GEWERKSCHAFTEN / SPARFORDERUNG Frisch weiter
Triumph meldete das Gewerkschaftsblatt »Welt der Arbeit« aus dem Konferenzraum des Düsseldorfer Hotels »Intercontinental": »Ein großer Sprung nach Vorn.«
Der Jubel galt dem Abschluß eines Vertrags, den die Arbeitgeber der Metallindustrie am vorletzten Samstag nach einer drei Tage währenden »olympischen Tarif schlacht« ("Handelsblatt") mit dem Vorsitzenden der IG Metall Otto Brenner unterzeichneten.
Der Düsseldorfer Pakt bestimmt, daß
* die Unternehmer vom 1. Juli an jedem ihrer rund vier Millionen Beschäftigten, der länger als ein halbes Jahr dem Betrieb angehört, für die Dauer von sechs Jahren einen lohnsteuerfreien Betrag von jeweils 312 Mark pro Jahr zahlen. Gesamtkosten acht Milliarden Mark;
* die Arbeitnehmer dieses Präsent bis zum Jahre 1976 nicht anrühren, sondern »vermögenswirksam« auf die hohe Kante legen.
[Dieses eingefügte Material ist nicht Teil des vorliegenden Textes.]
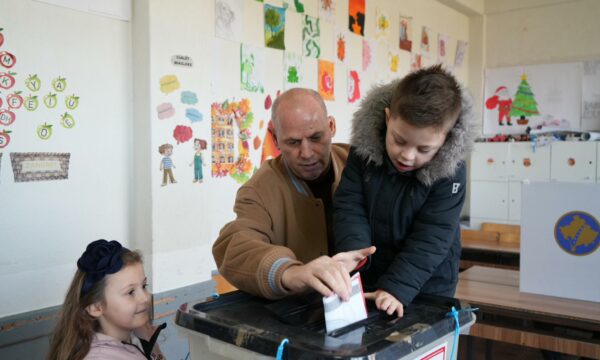Lladrovci: Bastioni i PDK-së dëshmoi se procesi i lirë e demokratik i zgjedhjeve është në vend të parë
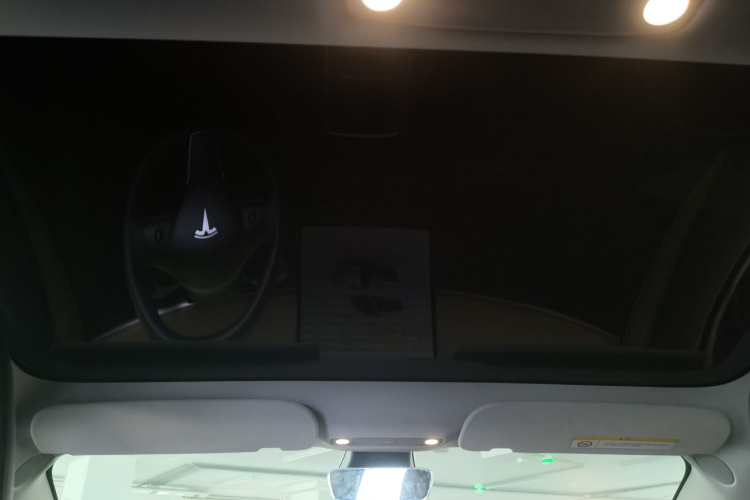 特斯拉 Model 3 2022款 后轮驱动版中控内饰22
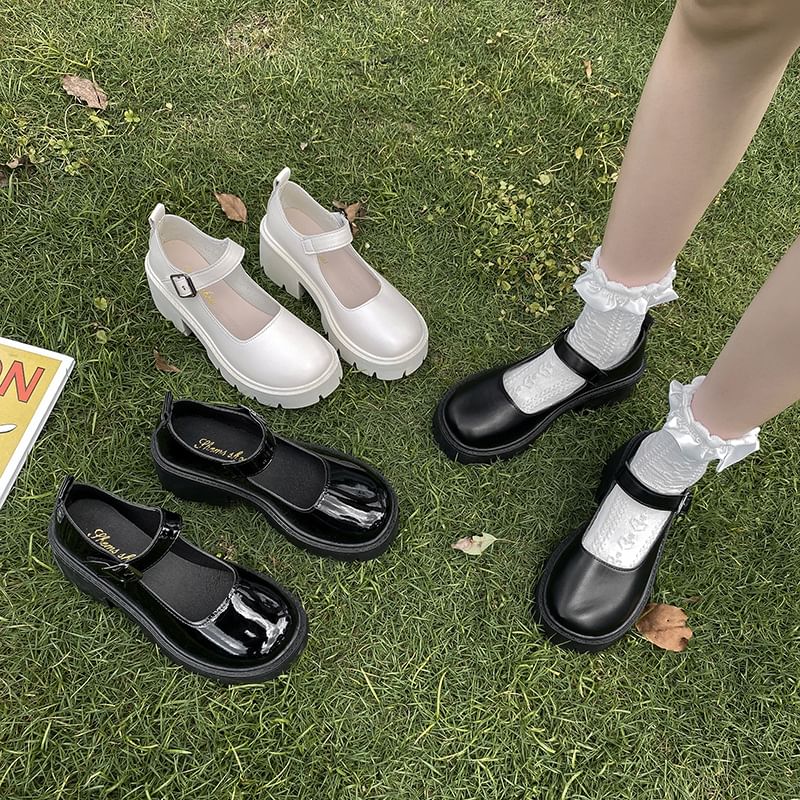 Heel Mary Jane Chunky Platform Pumps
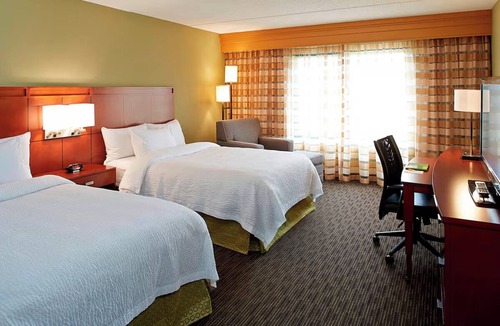 Ithaca Hotel | 2 Queen | Marriott Ithaca | Campus Trips, Ithaca Commons, Finger Lakes | 2 Units
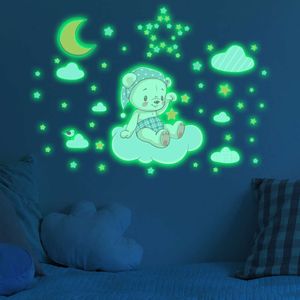 Autocollants muraux ours de dessin animé lumineux sur les étoiles du nuage, sparadrap muraux qui brillent dans la lumière verte foncée, chambre de bébé, chambre d'enfants et de chambre d'enfant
Einschließlich Zinsen und Prämien sammeln sie im Sechs-Jahres-Takt 3360 Mark ein.
Doch so gewaltig die Gesamtsumme ist, die Deutschlands Metallindustrielle bis 1976 an ihre Arbeiter und Angestellten steuerbegünstigt auskehren, so gering ist ihre Chance, sich mit dieser guten Tat Ruhe an der Lohnfront zu erkaufen oder die Gewerkschaften von ihren gesellschaftspolitischen Forderungen abzubringen.
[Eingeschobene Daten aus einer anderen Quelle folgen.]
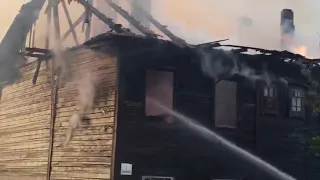 Сегодня ночью в Карпушихе сгорел дом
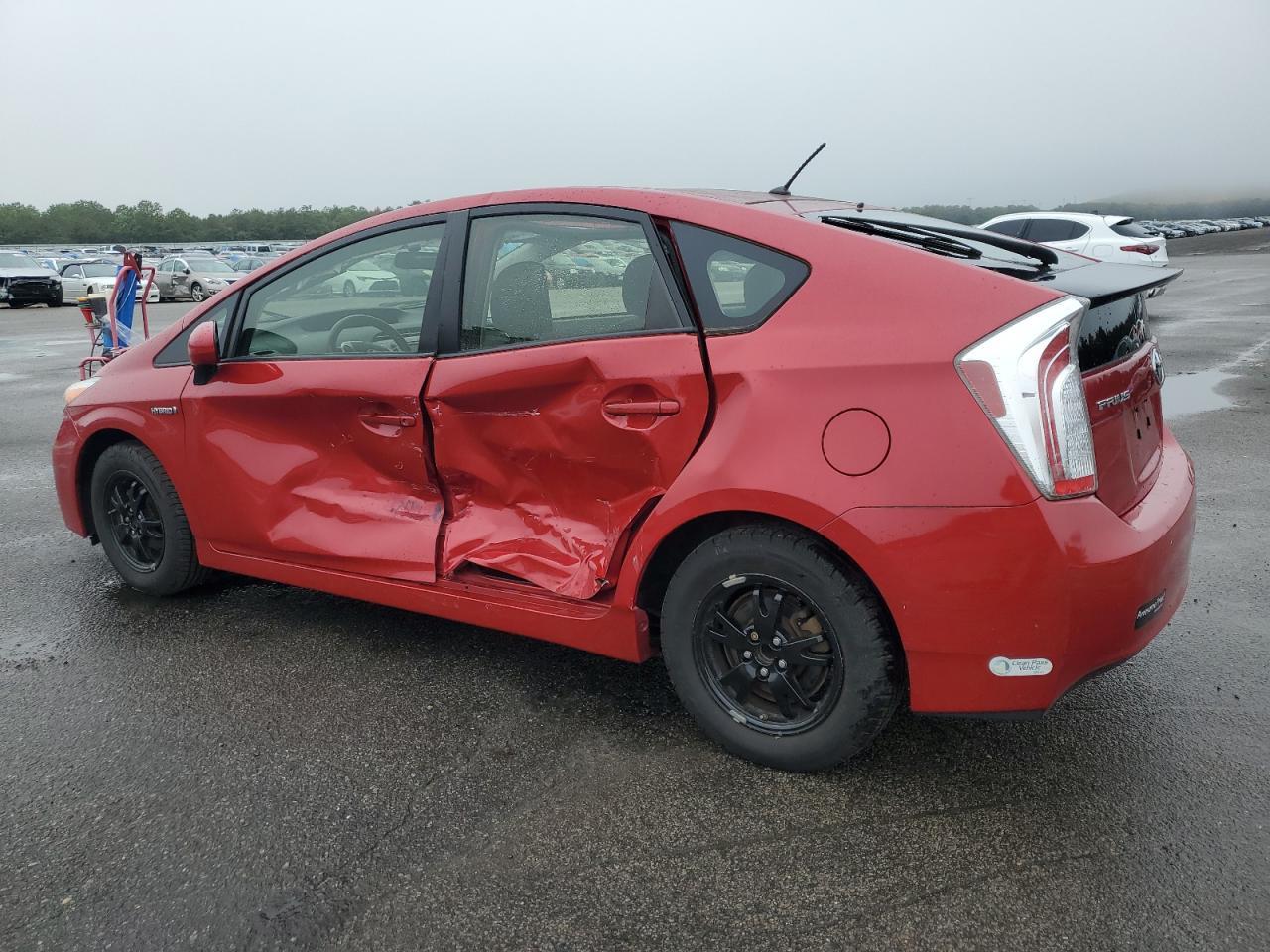 2014 Toyota Prius - Image 2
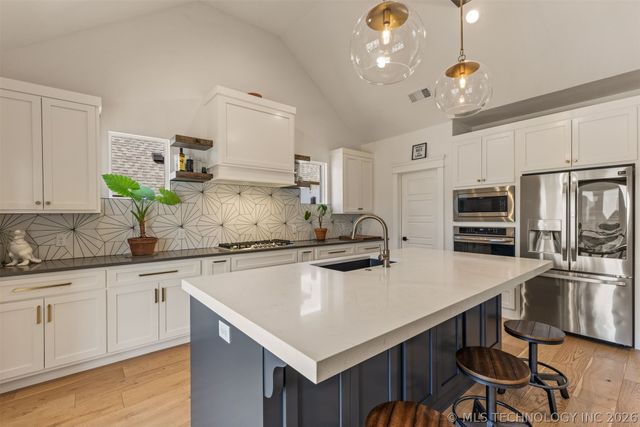 6016 E 127 Place, Bixby, OK 74008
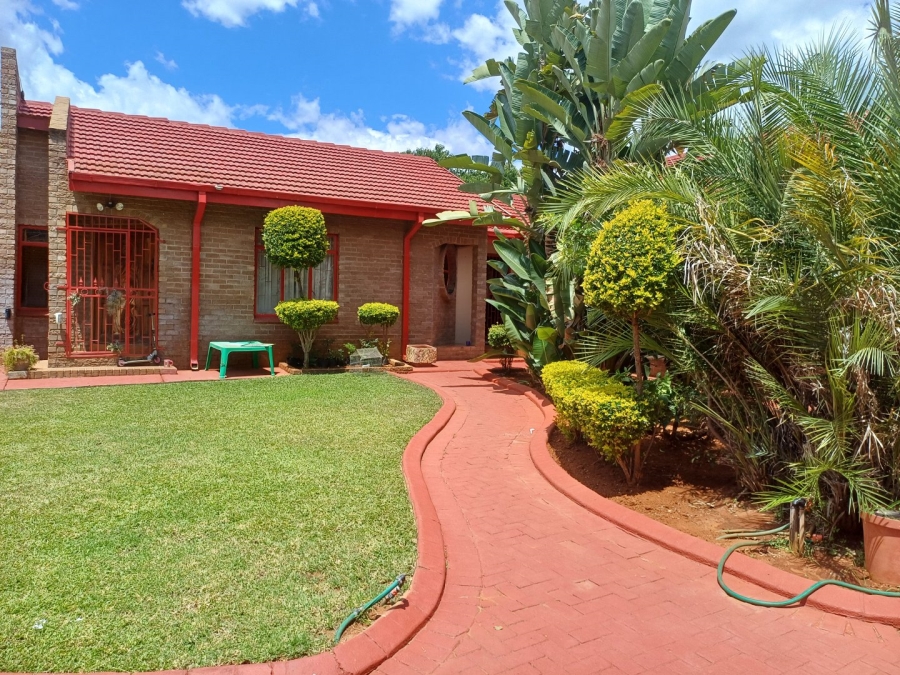 3 Bedroom Property for Sale in Flora Park Limpopo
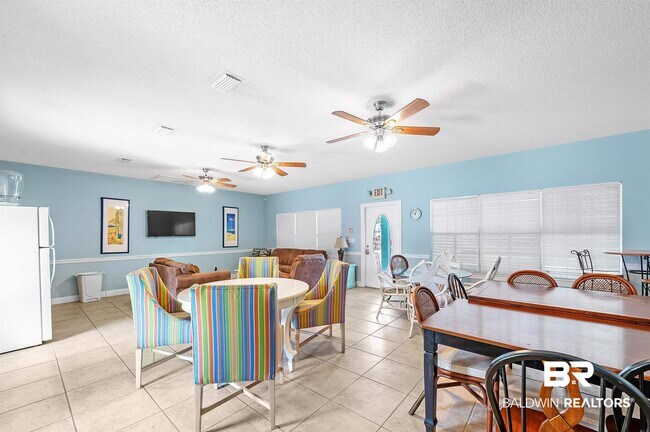 Foto del edificio - 4375 Lindsey Ln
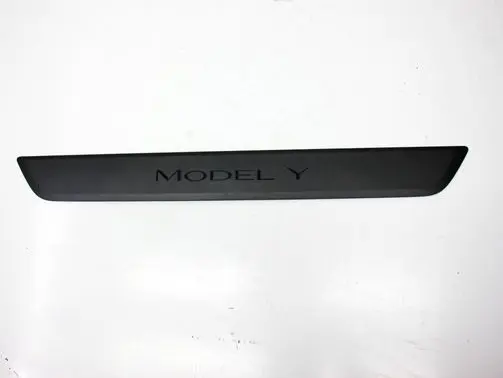 Tesla Model Y Front sill trim cover 149430100B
Brenner nach der Sitzung: »Es wäre sachlich richtiger, von Sparförderung anstatt von Vermögensbildung zu sprechen. Deshalb können derartige Tarifverträge nur eine Ergänzung eines Gesamtkonzepts der Vermögensbildung darstellen, das vom Gesetzgeber entwickelt werden muß.«
Die Marschrichtung hatte der Metall-Arbeiterführer Anfang Januar auf einer Klausurtagung mit Vertrauensleuten und Bezirksleitern der IG Metall abgesteckt. Die Außendienstler hatten ihrem Chef von einer stark zunehmenden Unruhe in den Betrieben berichtet. Die Beschäftigten in der Metallindustrie murrten darüber, daß ihnen der im letzten Herbst abgeschlossene Lohntarifvertrag nur acht Prozent eingebracht hatte, während etwa die Stahlarbeiter sich durch Kampfaktionen elf Prozent Mehrlohn erstreiken konnten. Selbst Bund, Länder und Gemeinden hatten ihren Kleinverdienern pro Monat einen Hunderter mehr zugestanden.
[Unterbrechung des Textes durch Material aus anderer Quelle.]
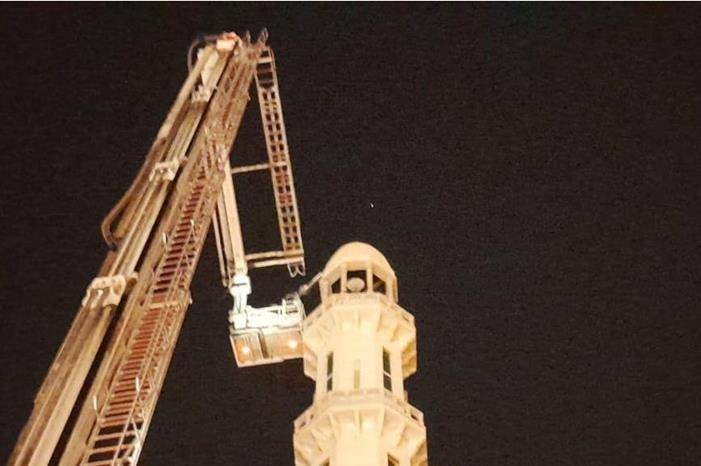 الدفاع المدني يتمكن من انزال هلال معدني ايل للسقوط من اعلى مأذنة بعمان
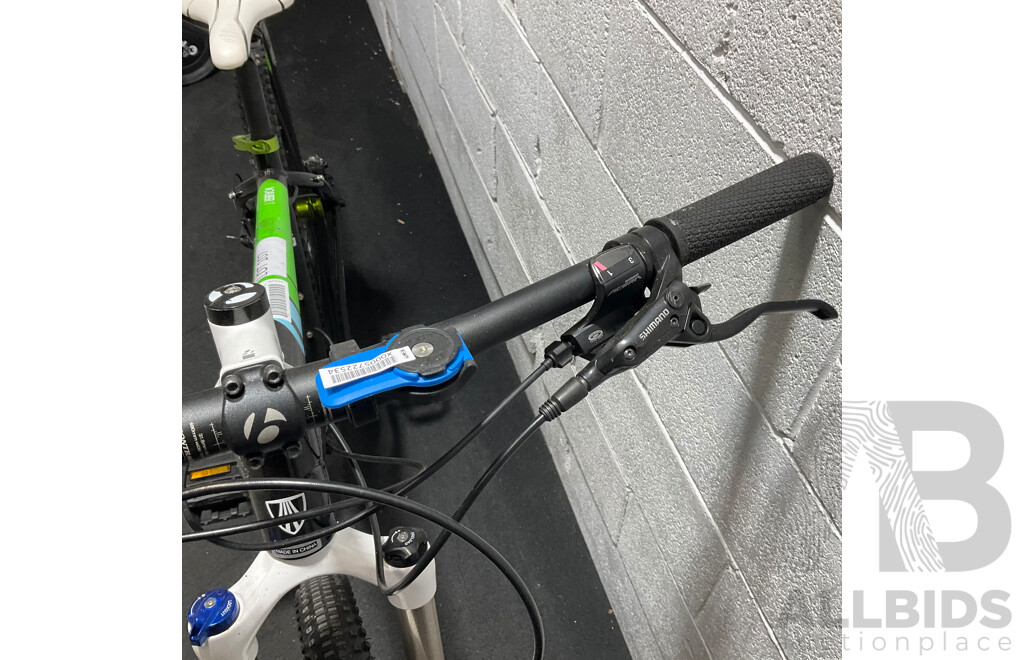 TREK X-Cailber Mountain Bike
Da Brenners Metaller jedoch bis Oktober 1970 an den laufenden Lohntarifvertrag gekettet sind, beschloß die Gewerkschaft, die Arbeitgeber auf andere Weise zu erleichtern. Gewitzt nutzte die IG Metall dabei den Weg, den die Unternehmer, an ihrer Spitze der Fabrikant Herbert van Hüllen aus Krefeld, selbst gewiesen hatten. Um das »gefährlichste Experiment« (Arbeitgeberverbände) zu torpedieren, nämlich die Gewerkschaftsforderung nach paritätischer Mitbestimmung, hatten die Arbeitgeber vor Monaten angeboten, den Metallern die im 2. Vermögensbildungsgesetz angepeilten steuerfreien 312 Mark im Jahr künftig als Unternehmer-Präsent zu reichen.
Gewerkschaftschef Brenner nahm die Unternehmer jetzt beim Wort. Er konzipierte einen unterschriftenreifen Vertragsentwurf und lud zu Verhandlungen über den angetragenen 312-Mark-Sondertarif ein. Kernstück des Brenner-Werkes: Die Unternehmergabe darf weder auf die betrieblichen Sozialleistungen angerechnet, noch soll der Sparzuschlag bei der Lohnrunde im Herbst angerechnet werden.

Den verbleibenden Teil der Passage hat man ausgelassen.